An architect is often selected to assist in facility planning in cooperation with the educational planning consultant and in-house facility staff. The school board, as the owner, enters into a contract for services with the chosen architect. The architect, in turn, negotiates contracts with a variety of consultants, including interior designers, landscape architects, mechanical, electrical, and civil engineers, and land surveyors.

The facility planning process at its best involves an assessment of functional needs in light of the educational program developed during educational planning. There are several names for this process: Educators refer to the development of educational specifications, while architects refer to it as facility programming. Facility planning includes any or all of the following activities: feasibility studies, district master planning, site selection, needs assessment, and project cost analysis. Spatial requirements and relationships between various program elements are established. The outcome of the facility planning process is a public facility program, or educational specifications document, that outlines physical space requirements and adjacencies and special design criteria the school facility must meet [10].

The design phase of the process, which includes schematic design, design development, and construction documents and specifications, can last from six months to one year. Each step in the design process involves more detailed and specific information about the technical aspects of the building systems, components, and assemblies. The design process requires school board decisions and approval, with each phase offering more detailed descriptions of the scope, budget, and schedule. The products of this phase include sketches, drawings, models, and technical reports, which are shared with the school and community through public hearings, workshops, and other forms of public relations and community involvement. Community participation during the earliest stages of the design phase can be as critical for stakeholder support as it was in the educational planning process.

There are several construction delivery methods available to the school district: competitive bidding, design/build, and construction management. Each state has evolved its own laws regulating the acceptable forms of construction project delivery. Competitive bidding is still the most common form of construction delivery. It allows contractors in each trade, such as general, mechanical, electrical, and plumbing, to compete for individual prime contracts and form separate contracts with the school district. In principle, it provides the most open and fair competition appropriate for a public sector project; however, project communication and coordination may ultimately affect schedule and budget. Design/build is most popular with private sector owners but is occasionally used in the public sector. Under a design/build contract, the owner contracts with one firm that completes both design and construction of the project under one contract. Cost and time savings are possible but often with a loss in quality of the product. Construction management is a service that often is established simultaneously with the hiring of the architect. A construction manager's responsibility is to act as project manager throughout the design and construction process, coordinating the project budget and schedule along the way. A fourth form of construction delivery is actually a comprehensive project management delivery service, which includes construction management but also extends from pre-referendum through occupancy and even facility management, offering one-stop shopping for facility development. Large school districts that have multiple projects often contract with project management services. Project management firms offer a wide array of financial, legal, and construction services promising economies of scale.
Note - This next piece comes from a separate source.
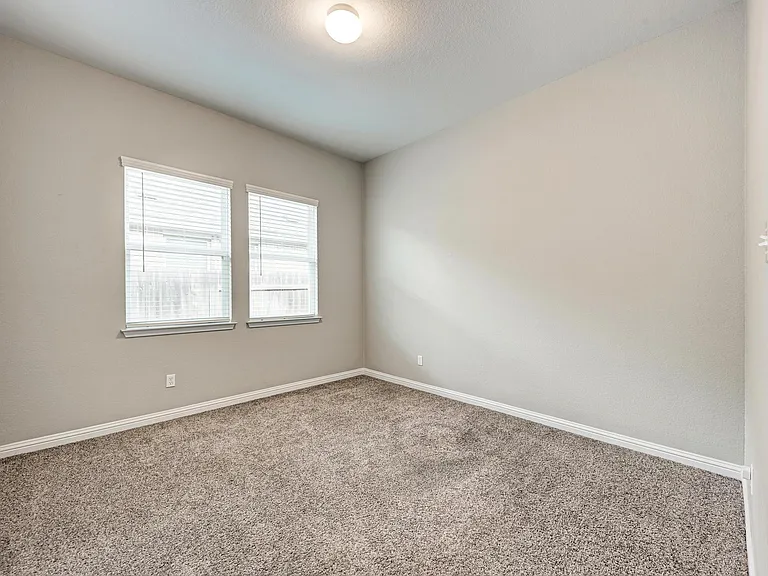 4428 Mandalin St — Photo 32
Following the competitive bidding process, the next phase of the school building process is that of bidding and negotiation. An Invitation for Bids is publicized to obtain bids from prime construction contractors. Most states require the school district to accept the lowest responsible and responsive bidder. However, the school district reserves the right to reject all bids. Once low bids are accepted, the school district, as owner, negotiates a contract with each prime contractor. The architect represents the owner in the construction phase, but the contract and legal relationship is between the school district, as owner, and each prime contractor. The construction of the school can last from twelve to eighteen months, depending on the project scope, material selections, lead times for shipment to the site, weather, unforeseen subsurface site conditions, and a variety of other factors. With the use of school buildings being tied to the school year schedule, project phasing is always an issue that needs to be addressed. Other factors that can escalate cost and slow the project are change orders to rectify unforeseen conditions or errors and omissions in the original construction documents. Once the architect is satisfied that the project is complete, a Certificate of Substantial Completion is issued and the owner can legally occupy the facility.

While the planning, design, and construction of the school facility may take two to three years, the management of it will last the entire life cycle of the facility. At the beginning of the twenty-first century, the mean age of a school building in the United States as forty-two years, with 28 percent of school buildings built before 1950. Many of the building materials, furnishings, and equipment will not last half that long and will require constant upkeep, maintenance, and inevitable replacement to defer building obsolescence.

The costs of managing school facilities have historically received much less attention than facility planning. The percentage of the operating budget for the maintenance and management of school facilities has steadily decreased, creating a capital renewal crisis as a result of years of deferred maintenance at all levels of education.

Best practice requires that a comprehensive facility maintenance program be established and monitored by the school district. The maintenance program often includes several distinct programs, including deferred, preventive, repair/upkeep, and emergency maintenance. Responsibility for facility management is divided between the district office and the school site, with the principal being the primary administrator responsible for the day-to-day operation of the school, including custodial, food, and transportation services. Custodians are typically hired by the school district but managed by the principal. Custodial staff is generally responsible for cleaning the building; monitoring the mechanical, electrical, and plumbing systems; and providing general maintenance of both building and grounds. District staff is responsible for long-term maintenance programs and the procurement of outsourced services for specialized maintenance projects.

Several environmental quality issues have emerged over the past few decades, such as classroom acoustics, indoor air quality, water quality, energy conservation, and abatement of asbestos, radon, and other hazardous materials. Many of these issues require the services of facility consultants hired through the district. Other issues for the building-level administrator include safety and security, vandalism and threats, and acts of violence and terrorism. All of these functions must be conducted within a constantly changing set of government mandates, such as energy deregulation, accessibility guidelines, codes, and other regulations and guidelines at the state and federal levels.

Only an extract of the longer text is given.